In January, the President issued an executive order directing the departments of Defense, Justice and Homeland Security to study and prepare a report “outlining a research-and-development strategy designed to expedite the real-world deployment of such technology for use in practice.”
White House senior adviser Valerie Jarrett spent Thursday reviewing the material with a select group.
Press Secretary Josh Earnest confirmed to the press corps that the administration would be making an announcement on Friday, but refused to go into further detail when pressed.
“We’ll have more that we can talk about tomorrow,” he said. “…Under discussion was exploring what kind of technology could be effectively used to make guns safer. So this is something that that a variety of federal agencies have reviewed and they’ll have some findings to share.”
Law enforcement has been very vocal in it’s opposition to the unproven technology and to the possibility of federal officers being ordered to carry guns equipped with it.
“Police officers in general, federal officers in particular, shouldn’t be asked to be the guinea pigs in evaluating a firearm that nobody’s even seen yet,” James Pasco, executive director of the Fraternal Order of Police, said.

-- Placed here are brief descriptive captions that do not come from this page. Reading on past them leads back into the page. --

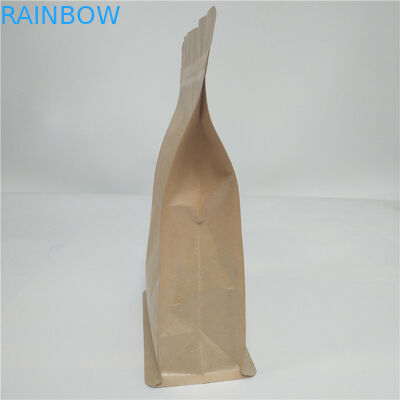 Aluminium Foil Side Gusset Daur Ulang Kertas Kraft Coffee Bag Doypack Kantong Bawah Datar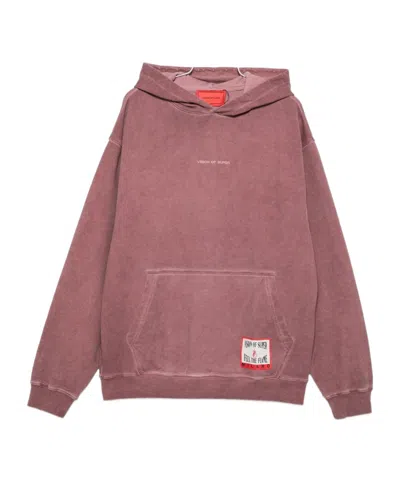 Vision Of Super Long-sleeved Hooded Sweatshirt In Pink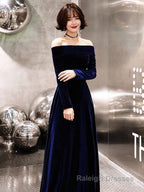 Classic Evening Dresses Velvet Long Sleeve Off Shoulder Maxi Dresses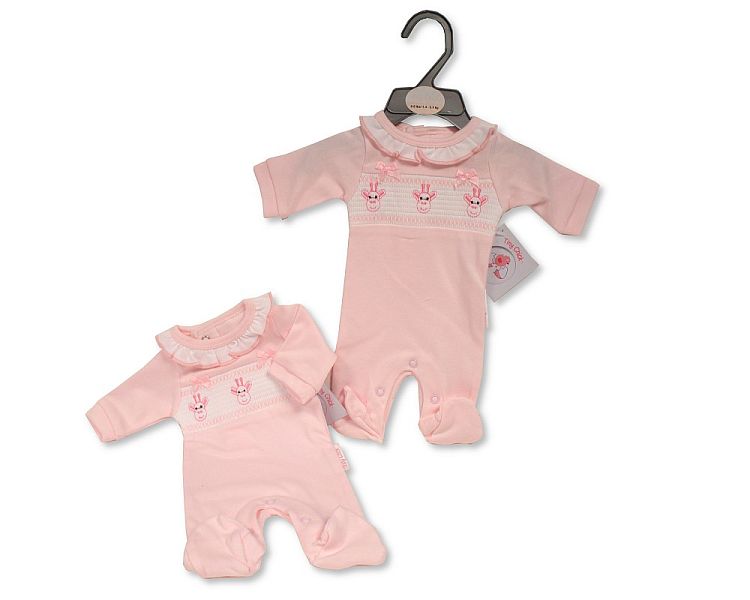 Premature Baby Girls All in One with Smocking and Bows - Giraffe (PK6) (3-8lbs) PB-20-593G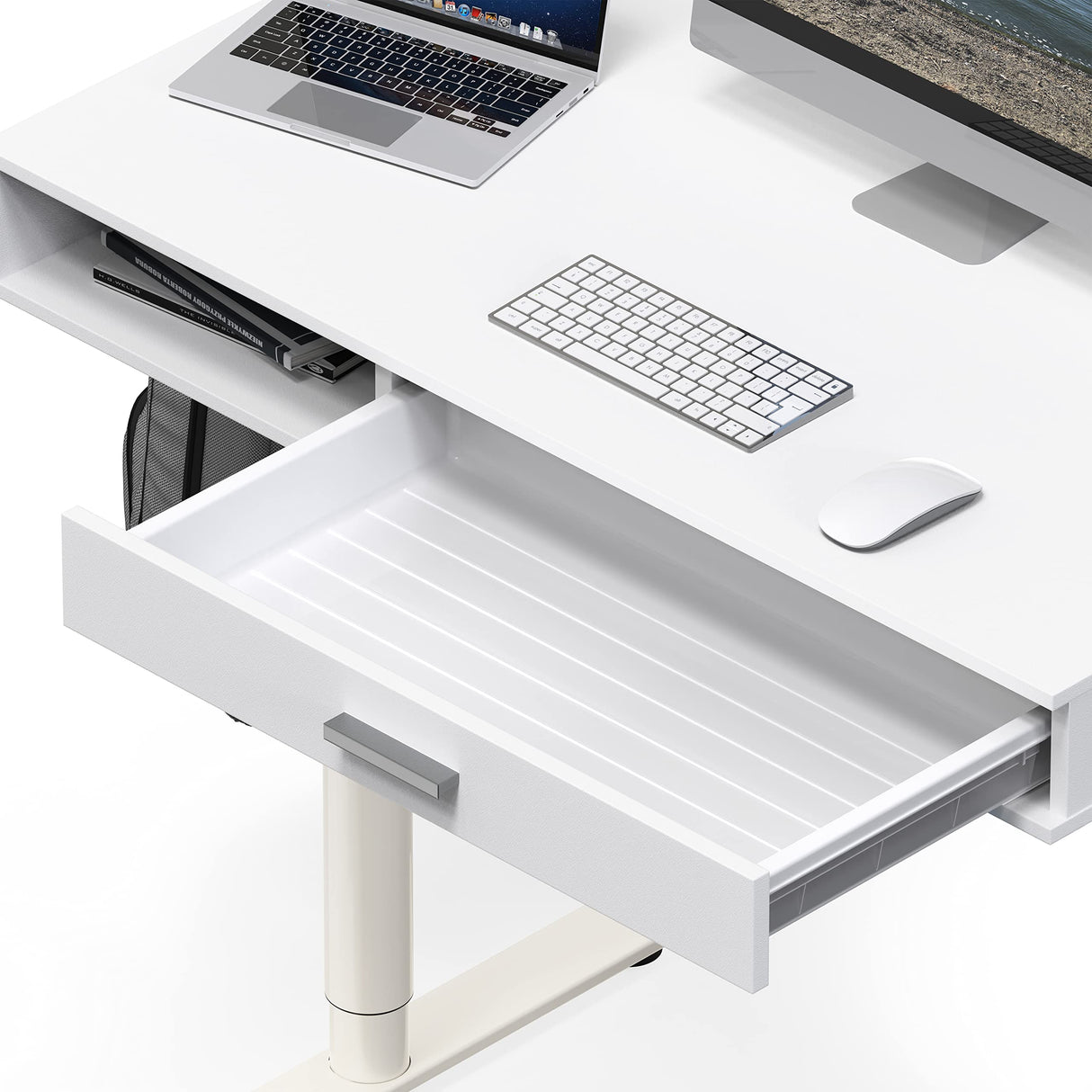 SHW Claire 40-Inch Height Adjustable Electric Standing Desk with Drawer, White SHW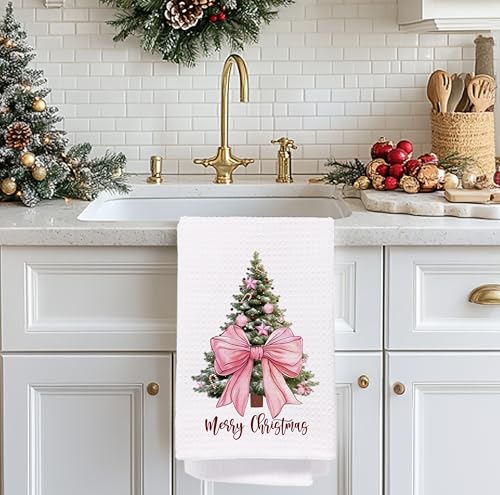 Christmas Tree Kitchen Towels - Neutral Christmas Hand Towels, 16 x 24 Inch V47794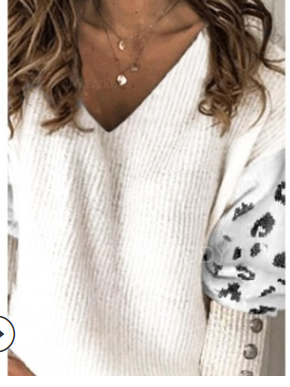 Blusa Tejida Suelta con Cuello V y Manga Larga en Colores Lisos - Image 4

Yet the Department of Justice’s National Institute of Justice is announcing in the Federal Register on Friday that it is seeking “an objective demonstration of the reliability of firearms available today with advanced gun safety technology integrated into the firearm.”
Insiders have told reporters that they do not believe a mandate is coming at this time, but Press Secretary Earnest would not say whether the announcement would entail simply findings or some kind of roll-out requirement.
When issuing his Jan. 4 executive orders President Obama falsely claimed that smart gun technology “has not been developed primarily because it has been blocked by the National Rifle Association (NRA) and firearms manufacturers.”
The NRA does not oppose the development of technology, but says private market, not the government, should drive innovation:
“Although NRA is not opposed to the development of new firearms technology, we do not believe the government should be picking winners and losers in the marketplace,” the Institute for Legislative Action said in a statement.